In our case, we want to compute $x^N \mid P(x)$ as opposed to just computing the value of $x^N$ but we can still use a fast exponentiation technique.

If $g$ and $h$ are polynomials over $\mathbb{F}_2$ with the remainders on division by $P(x)$ given by $r_g$ and $r_h$ respectively:

$$ \begin{align} r_g &= g(x) \mid P(x), \\ r_h &= h(x) \mid P(x) \end{align} $$

then it is easily verified that

$$ g(x) h(x) \mid P(x) = r_g(x) r_h(x) \mid P(x). $$

So while the polynomial product $g h$ may have a very high degree, we can instead work with the much remainder product $r_g r_h$ whose degree is at most $2n -2$.

In our case, suppose we already know $r(x) = x^k \mid P(x)$ for some power $k$ i.e. we know the coefficients $\mathbf{r}$ of the polynomial $r(x)$:

$$ r(x) \sim \mathbf{r} = [r_0 r_1 \ldots r_{n-1}]. $$

To get to $x^N \mid P(x)$ from there, the multiply and square algorithm requires two procedures:

Step	Assuming the degree of $r(x) < n$ and $r(x) \sim \mathbf{r}$.
MultiplyStep	Computes $\mathbf{r} \gets x r(x) \mid P(x)$
SquareStep	Computes $\mathbf{r} \gets r(x)^2 \mid P(x)$

With those in place we can proceed as shown in the following sketch:

Input: A coefficient bit-vector $\mathbf{p}$ of size $n$ where $P(x) = x^n + p(x)$
Input: An integer $N$ where we wish to compute $x^N \mid P(x)$.
Initialise a result bit-vector $\mathbf{r}$ of size $n$ to $\mathbf{0}$.
Set $r_1 = 1$.
While $N > 0$ do:
1. if $N$ is odd, perform a MultiplyStep on $\mathbf{r}$.
2. Perform a SquareStep on $\mathbf{r}$.
3. $N \gets N/2$.
When the loop ends, $\mathbf{r}$ contains the coefficients of $x^N \mid P(x)$.

The full code handles the decomposition of $P(x)$ into the $x^n + p(x)$ and manages edge cases such as $P(x) = 1$. It also handles the trivial cases where $N \le n$. For larger values of $N$ it uses its binary representation in the main loop.
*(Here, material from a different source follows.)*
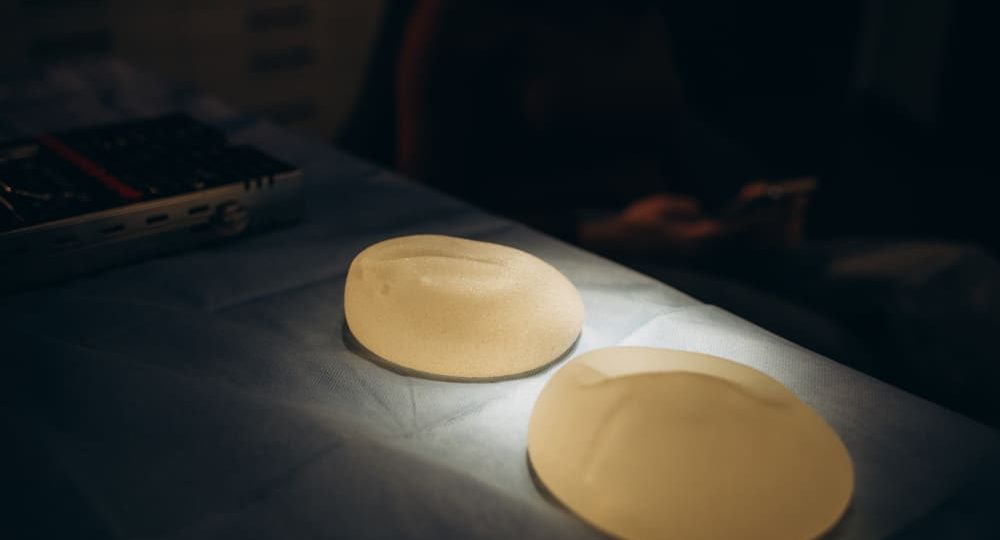 ¿Implantes de silicona, salinos o anatómicos? Guía según tu estilo de vida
Nevertheless, the sketch shows the importance of the two sub-procedures, MultiplyStep and SquareStep which we discuss next.

The Multiply Step

If $q(x)$ is a polynomial of degree less than $n$ so that

$$ q(x) \mid P(x) = q(x), $$

then the following procedure performs the step

$$ q(x) \gets x q(x) \mid P(x), $$

Input: A coefficient bit-vector $\mathbf{p}$ of size $n$ where $P(x) = x^n + p(x)$.
Input: A coefficient bit-vector $\mathbf{q}$ of size $n$ where $q(x) \sim \mathbf{q}$.
1. $tmp \gets q_{n-1}$
2. $\mathbf{q} \gets \mathbf{q} \gg 1$
3. if $tmp$ then $\mathbf{q} \gets \mathbf{q} \wedge \mathbf{p}$
On return $\mathbf{q}$ has the coefficients for $x q(x) \mid P(x)$.

The Square Step

In GF(2) if a polynomial $q(x)$ is represented by the coefficient bit-vector $\mathbf{q} = [q_0, q_1, q_2, \ldots, q_{n-1}]$:

$$ q(x) = q_0 + q_1 x + q_2 x^2 + \ldots q_{n-1} x^{n-1}, $$

one can easily show that

$$ q(x)^2 = q_0 + q_1 x^2 + q_2 x^4 + \cdots + q_{n-1} x^{2n-2}, $$

so $s(x) = q(x)^2$ is represented by riffling the bit-vector $\mathbf{q}$

$$ s(x) = q(x)^2 \sim \mathbf{s} = [q_0, 0, q_1, 0, q_2, \ldots, 0, q_{n-1}], $$

i.e. the bit-vector we get by interspersing the elements of $\mathbf{q}$ with zeros.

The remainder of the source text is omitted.